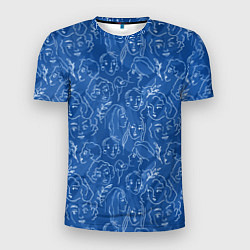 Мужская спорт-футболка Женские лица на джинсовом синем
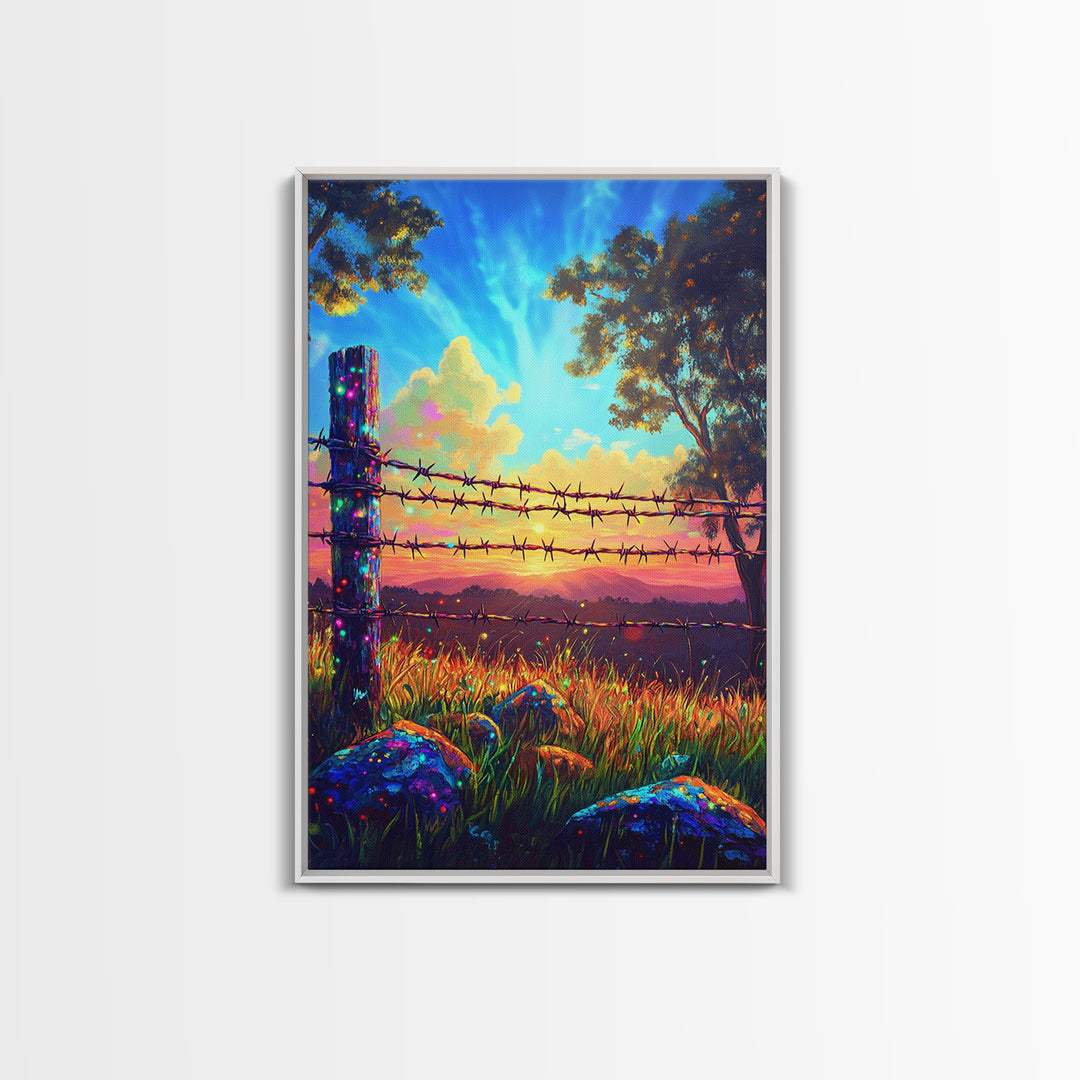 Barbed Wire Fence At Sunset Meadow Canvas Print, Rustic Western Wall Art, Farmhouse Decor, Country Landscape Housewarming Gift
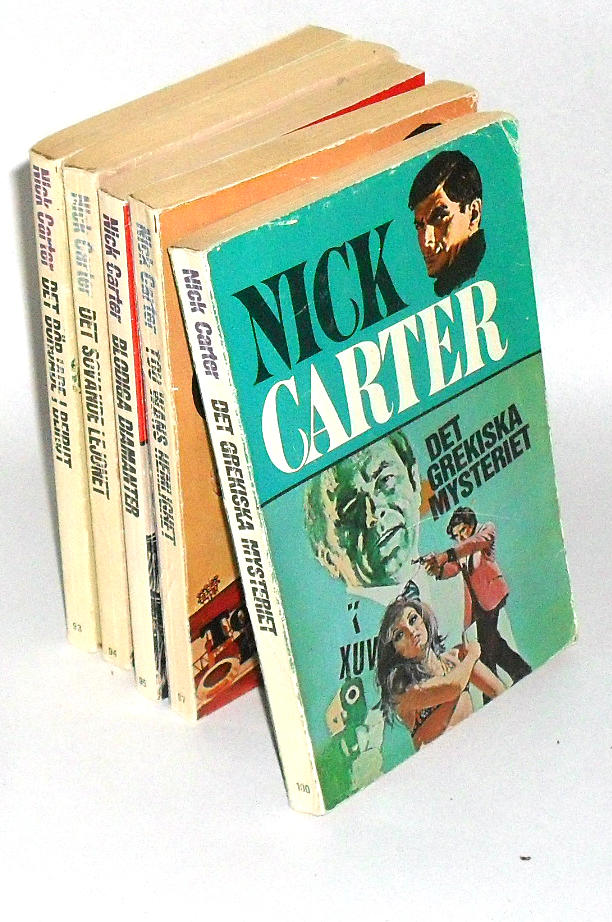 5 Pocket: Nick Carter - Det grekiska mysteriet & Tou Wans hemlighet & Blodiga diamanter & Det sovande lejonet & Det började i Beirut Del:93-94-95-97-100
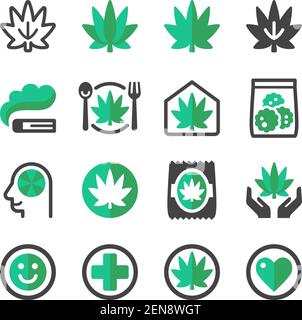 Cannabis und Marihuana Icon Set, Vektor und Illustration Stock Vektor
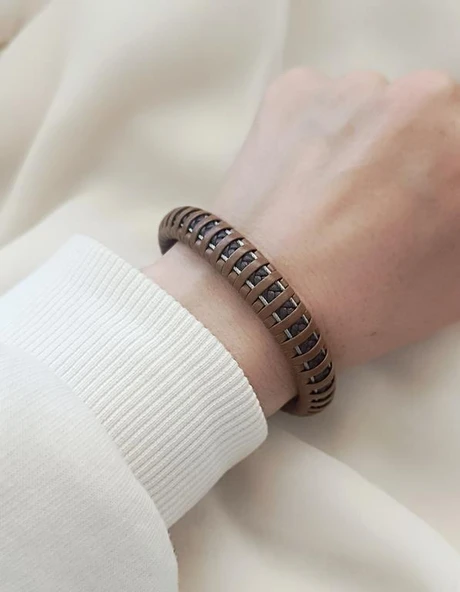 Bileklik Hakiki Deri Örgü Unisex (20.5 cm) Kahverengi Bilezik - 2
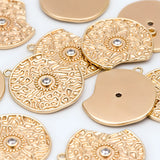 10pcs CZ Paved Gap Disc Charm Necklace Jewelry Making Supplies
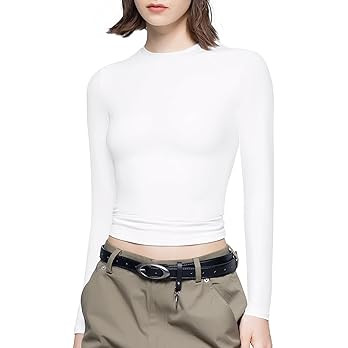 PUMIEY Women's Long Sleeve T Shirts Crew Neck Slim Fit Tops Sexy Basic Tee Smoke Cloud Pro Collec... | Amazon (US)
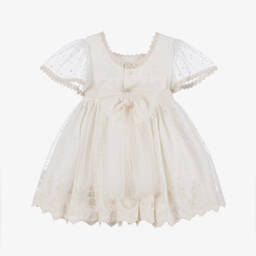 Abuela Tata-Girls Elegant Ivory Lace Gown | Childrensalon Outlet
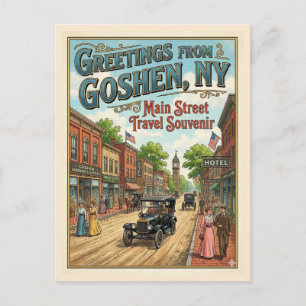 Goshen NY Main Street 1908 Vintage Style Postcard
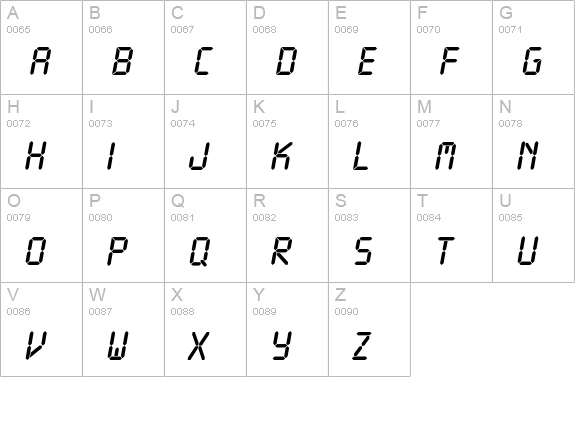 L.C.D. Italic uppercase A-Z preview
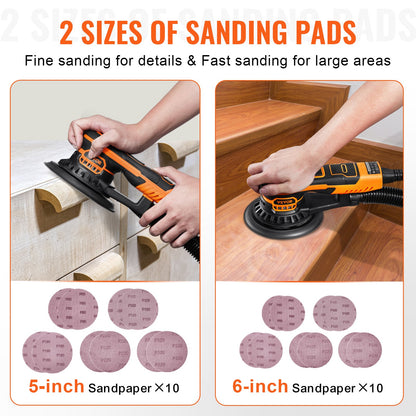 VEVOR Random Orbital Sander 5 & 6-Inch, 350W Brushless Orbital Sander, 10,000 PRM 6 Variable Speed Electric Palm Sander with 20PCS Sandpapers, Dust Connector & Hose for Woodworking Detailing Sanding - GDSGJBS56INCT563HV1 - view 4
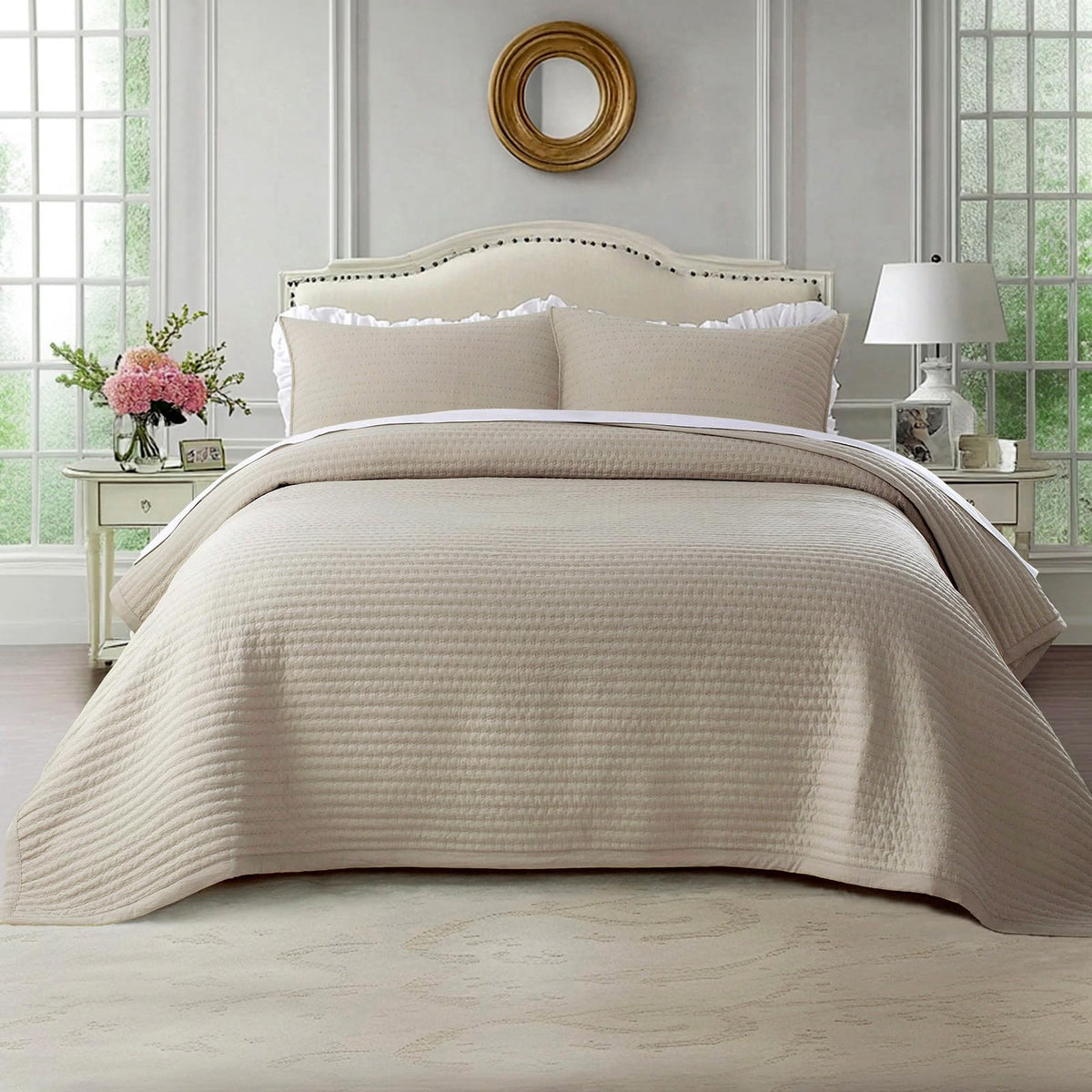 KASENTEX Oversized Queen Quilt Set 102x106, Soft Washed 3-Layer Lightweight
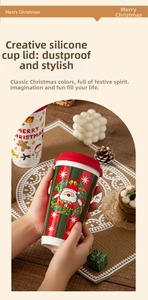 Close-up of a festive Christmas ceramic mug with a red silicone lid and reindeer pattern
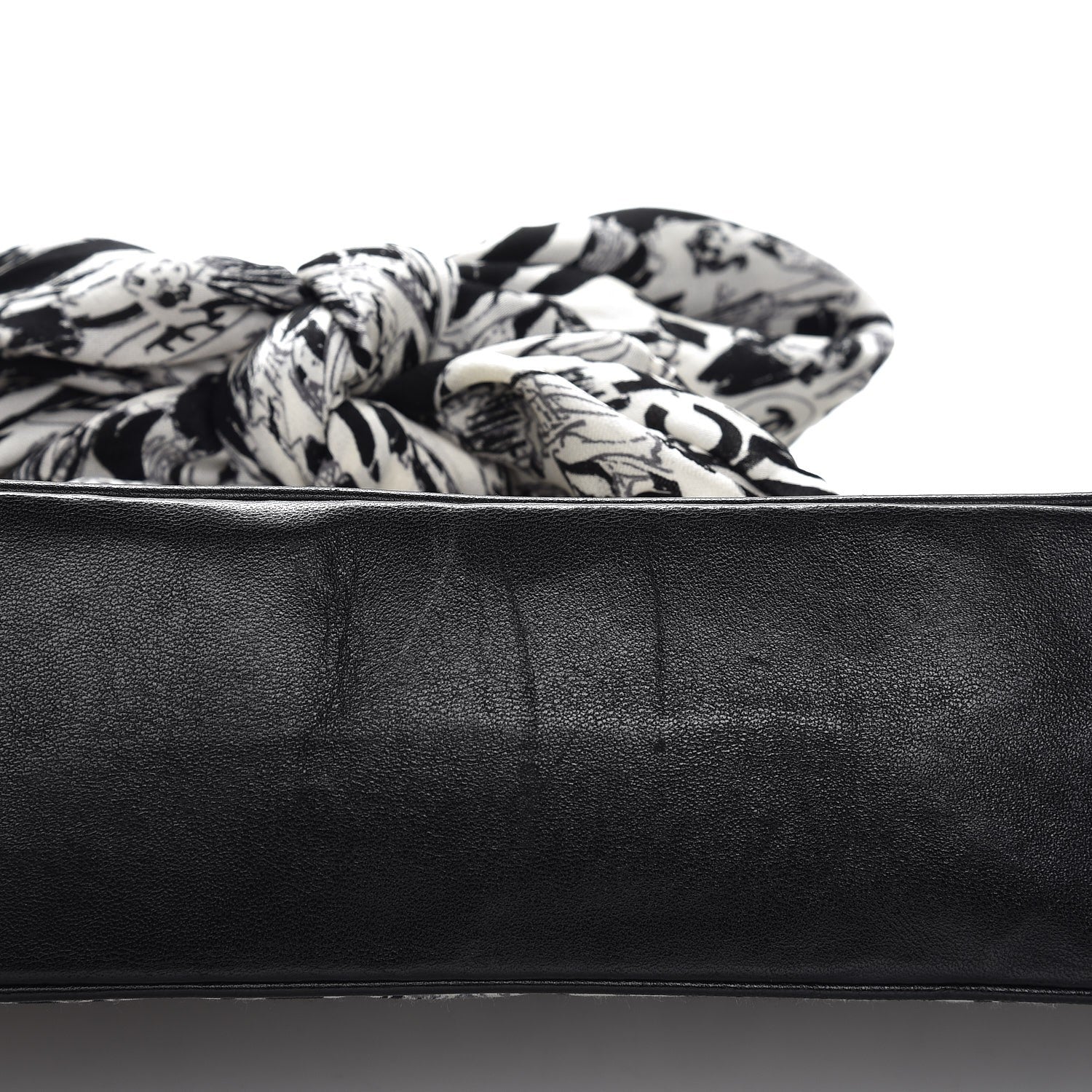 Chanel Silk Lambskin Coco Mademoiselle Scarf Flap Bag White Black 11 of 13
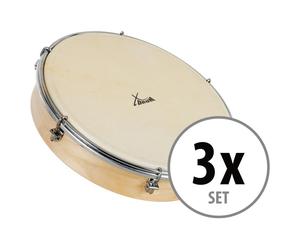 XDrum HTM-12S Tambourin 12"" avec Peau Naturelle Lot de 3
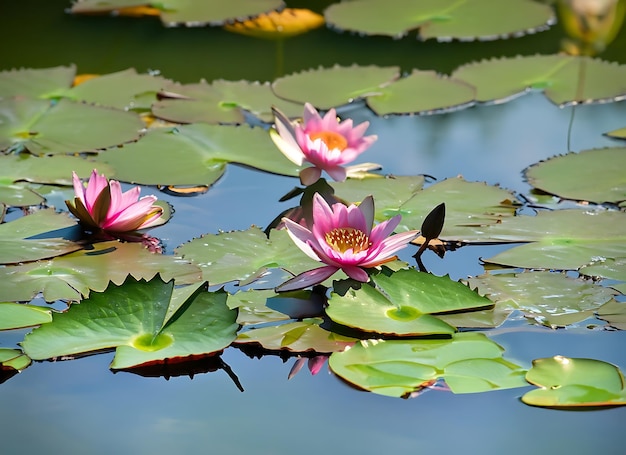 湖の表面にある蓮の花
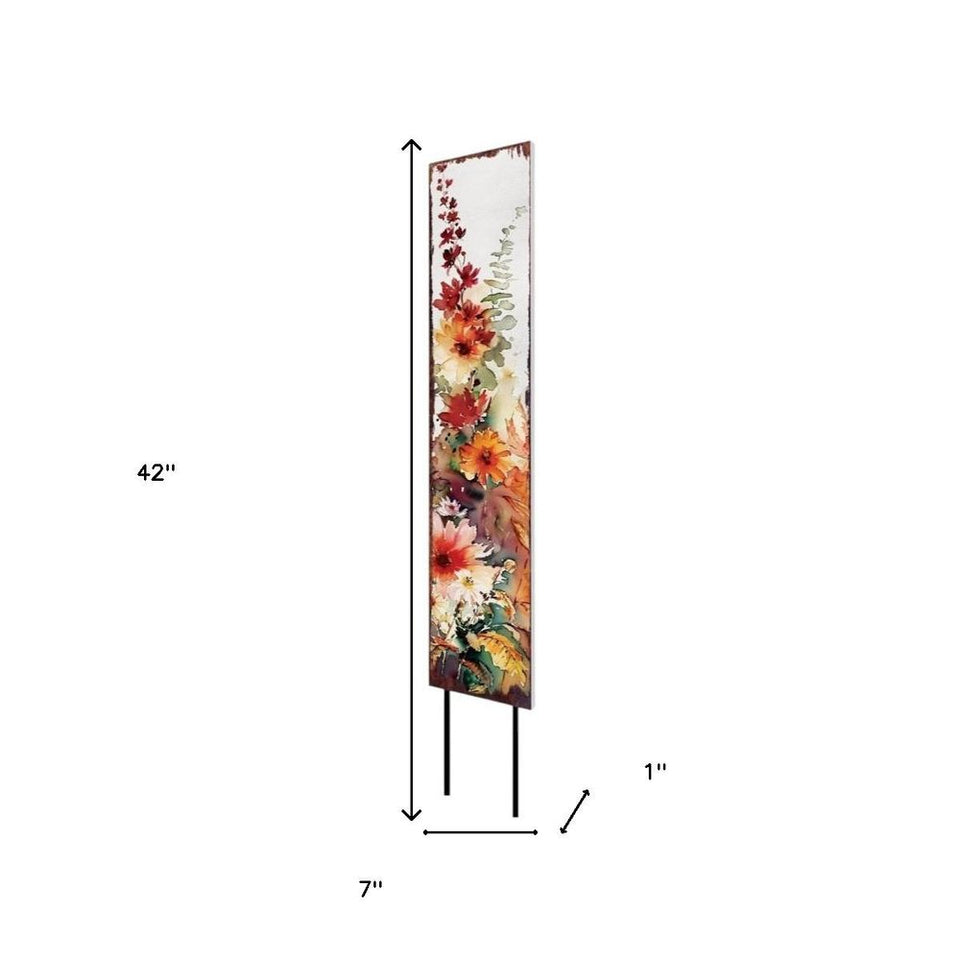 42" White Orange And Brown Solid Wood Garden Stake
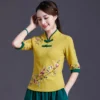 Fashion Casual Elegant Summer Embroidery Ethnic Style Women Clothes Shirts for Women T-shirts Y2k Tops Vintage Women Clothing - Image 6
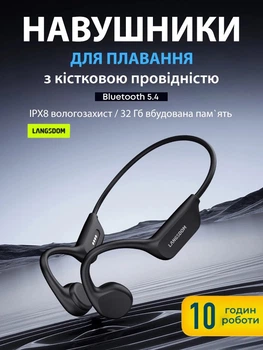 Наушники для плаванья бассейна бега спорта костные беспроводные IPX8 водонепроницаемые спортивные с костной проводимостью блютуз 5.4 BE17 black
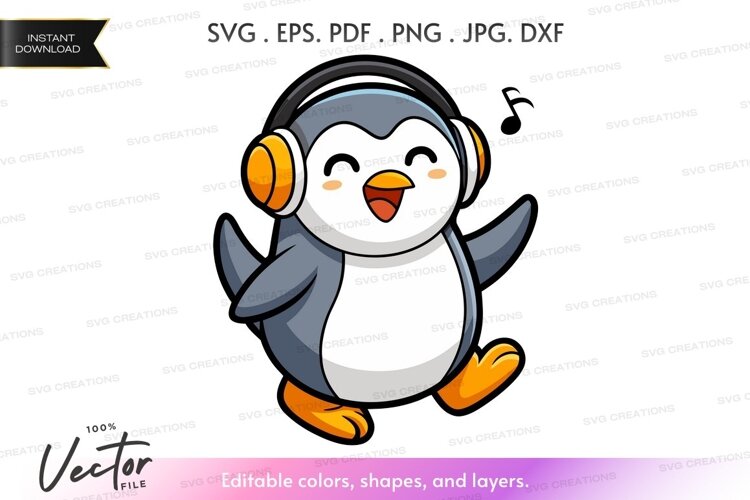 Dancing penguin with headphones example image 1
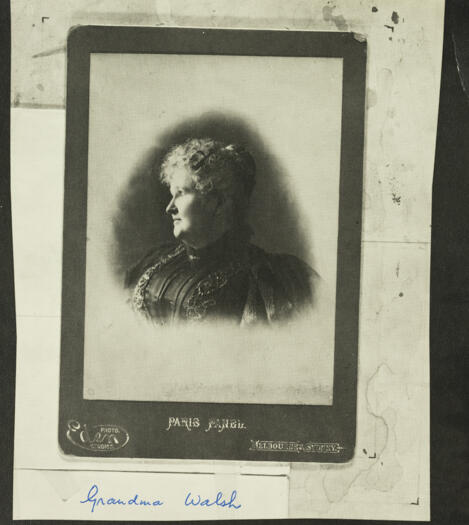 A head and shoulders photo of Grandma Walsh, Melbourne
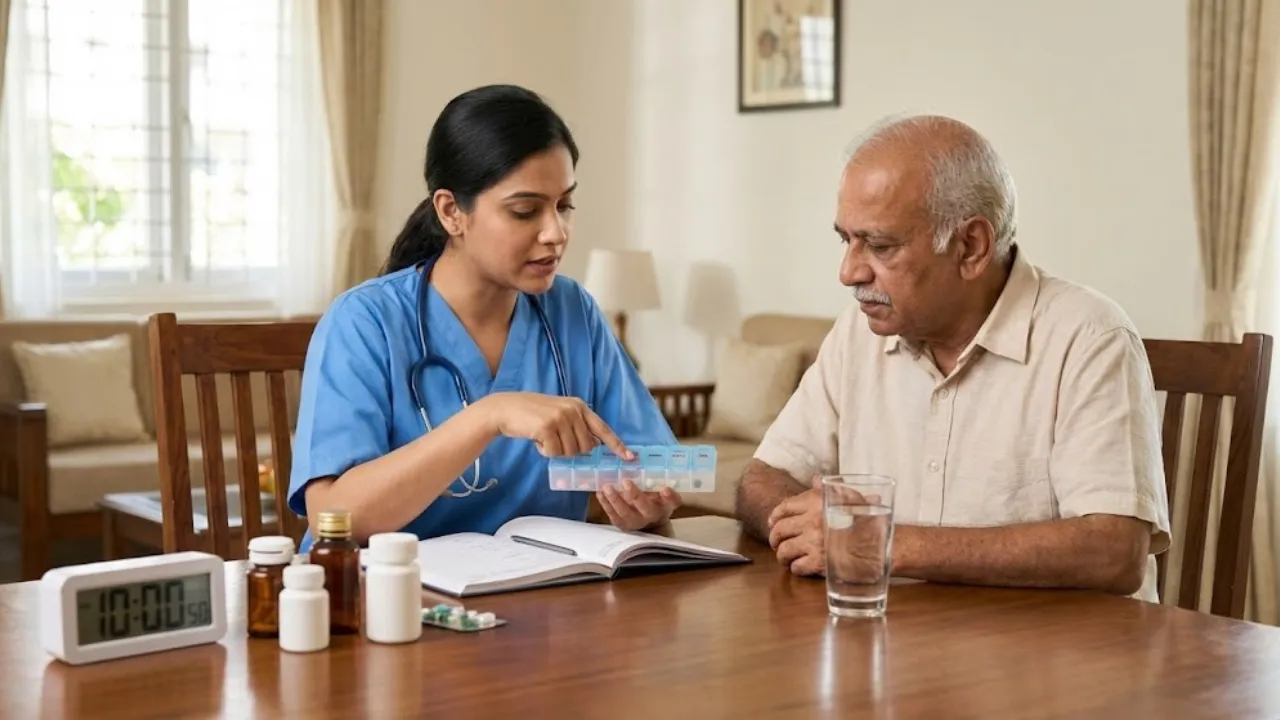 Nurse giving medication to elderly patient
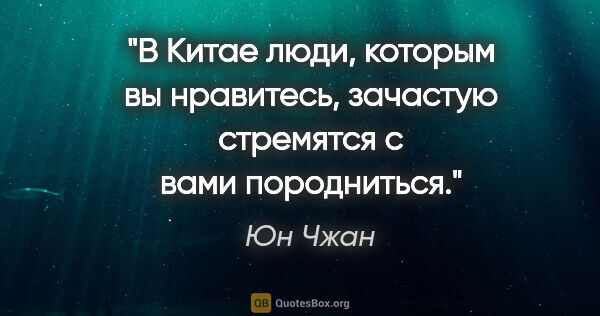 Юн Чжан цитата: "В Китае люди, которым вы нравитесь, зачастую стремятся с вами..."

▸ **REQUIRED WORK**
Restate the lines of the records exactly, starting at the first and stopping after the line with "Cannabis und Marihuana". Leave out any picture.

▸ **RESULT OF THE TASK**
 Мужская спорт-футболка Женские лица на джинсовом синем
 Barbed Wire Fence At Sunset Meadow Canvas Print, Rustic Western Wall Art, Farmhouse Decor, Country Landscape Housewarming Gift
 5 Pocket: Nick Carter - Det grekiska mysteriet & Tou Wans hemlighet & Blodiga diamanter & Det sovande lejonet & Det började i Beirut Del:93-94-95-97-100
 Cannabis und Marihuana Icon Set, Vektor und Illustration Stock Vektor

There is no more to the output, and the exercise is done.